I’m getting this error (in the field values):

error: Could not access blank value: Use || to provide a default value for blank fields.

But I’m fairly certain I solved for that already, and it doesn’t occur when I preview. And, just to be clear, it was happening in my previews, until I fixed the formulas.

mockaroo · April 14, 2016, 7:27pm

Can you post the share link at the bottom of your schema? I’ll have a look.

yoni · April 14, 2016, 10:46pm

Should this feature work within a JSON Array’s values?

For example:

(Where id in that from_dataset is the id of the current row.)

mockaroo · April 14, 2016, 11:52pm

It should now Good catch! You should also be able to nest calls to from_dataset to join across multiple datasets.

benallen002 · June 16, 2016, 6:38pm

“Right now it just picks the last record matching the criteria.”

Is there anyway you could modify this behavior such that rather than picking the last record matching the criteria, it picks a random record matching the criteria?

mockaroo · June 16, 2016, 9:20pm

Possibly.

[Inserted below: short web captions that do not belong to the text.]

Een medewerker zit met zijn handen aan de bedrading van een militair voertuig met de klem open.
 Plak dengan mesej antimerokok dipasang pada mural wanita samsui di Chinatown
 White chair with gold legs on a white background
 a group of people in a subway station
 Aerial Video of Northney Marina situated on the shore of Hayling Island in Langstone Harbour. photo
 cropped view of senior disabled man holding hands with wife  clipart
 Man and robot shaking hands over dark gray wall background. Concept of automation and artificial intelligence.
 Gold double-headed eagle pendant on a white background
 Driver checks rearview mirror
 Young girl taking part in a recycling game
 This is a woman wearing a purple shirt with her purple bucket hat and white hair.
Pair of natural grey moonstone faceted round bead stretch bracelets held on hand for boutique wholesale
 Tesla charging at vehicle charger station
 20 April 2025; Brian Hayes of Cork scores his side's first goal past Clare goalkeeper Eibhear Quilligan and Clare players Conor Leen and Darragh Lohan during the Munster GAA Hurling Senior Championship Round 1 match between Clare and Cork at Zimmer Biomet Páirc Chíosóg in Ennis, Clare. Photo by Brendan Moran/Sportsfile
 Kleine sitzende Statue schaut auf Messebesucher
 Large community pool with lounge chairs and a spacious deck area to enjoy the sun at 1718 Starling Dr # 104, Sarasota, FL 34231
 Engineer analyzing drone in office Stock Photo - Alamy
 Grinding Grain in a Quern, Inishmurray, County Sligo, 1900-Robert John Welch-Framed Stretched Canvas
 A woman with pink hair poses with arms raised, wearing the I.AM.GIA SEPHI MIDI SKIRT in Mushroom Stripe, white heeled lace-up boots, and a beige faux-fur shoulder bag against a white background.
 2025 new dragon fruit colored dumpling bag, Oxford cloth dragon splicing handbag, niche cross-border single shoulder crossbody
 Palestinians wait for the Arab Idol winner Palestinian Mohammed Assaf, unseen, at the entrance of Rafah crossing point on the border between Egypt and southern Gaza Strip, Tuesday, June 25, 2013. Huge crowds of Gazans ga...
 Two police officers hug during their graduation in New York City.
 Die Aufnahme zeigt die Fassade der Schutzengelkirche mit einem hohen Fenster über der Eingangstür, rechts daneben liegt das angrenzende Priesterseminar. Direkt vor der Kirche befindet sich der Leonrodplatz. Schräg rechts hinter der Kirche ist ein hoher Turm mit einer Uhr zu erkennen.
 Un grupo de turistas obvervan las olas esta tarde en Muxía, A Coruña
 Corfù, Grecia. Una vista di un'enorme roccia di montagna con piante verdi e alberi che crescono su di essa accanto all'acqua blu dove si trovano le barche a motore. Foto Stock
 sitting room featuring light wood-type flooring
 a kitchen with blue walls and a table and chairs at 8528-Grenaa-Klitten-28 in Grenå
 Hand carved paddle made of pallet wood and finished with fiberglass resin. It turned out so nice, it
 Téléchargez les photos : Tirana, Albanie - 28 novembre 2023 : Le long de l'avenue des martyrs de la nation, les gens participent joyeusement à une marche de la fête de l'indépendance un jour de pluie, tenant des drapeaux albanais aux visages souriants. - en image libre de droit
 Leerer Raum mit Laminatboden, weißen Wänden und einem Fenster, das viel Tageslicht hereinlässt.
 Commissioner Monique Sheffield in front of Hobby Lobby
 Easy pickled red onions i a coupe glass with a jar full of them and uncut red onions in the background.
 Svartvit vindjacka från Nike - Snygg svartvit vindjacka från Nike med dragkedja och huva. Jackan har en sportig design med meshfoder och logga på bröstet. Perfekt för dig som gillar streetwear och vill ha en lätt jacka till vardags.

I’ll look into it tonight…

benallen002 · June 16, 2016, 9:23pm

Cheers. Thanks a lot for your product.

I quickly realized a work around for my particular situation that inspired the question, so no rush. I could still see the value in it though if it wouldn’t require too much of your time to implement.

benallen002 · June 20, 2016, 5:38pm

Any chance you’ve had any luck with this? I’ve come across another situation in which it would be very valuable. Thanks in advance.

ken · September 29, 2016, 2:58am

@mockaroo Did you come up with a way to get a random entry rather than the last record matching the criteria?

ken · September 29, 2016, 2:59am

@benallen002 could you post your work around ?

mockaroo · September 29, 2016, 3:44am

Yes, thank you for reminding me! I just updated the site so that it randomly picks a value if multiple matches are found.

ken · September 29, 2016, 4:05am

Thank you for the fast turn-around.

yoni · November 11, 2016, 8:05pm

Is it possible to add an option to prevent duplicates? So, I can make a JSON array of n random values from another dataset and know there won’t be repeats within it.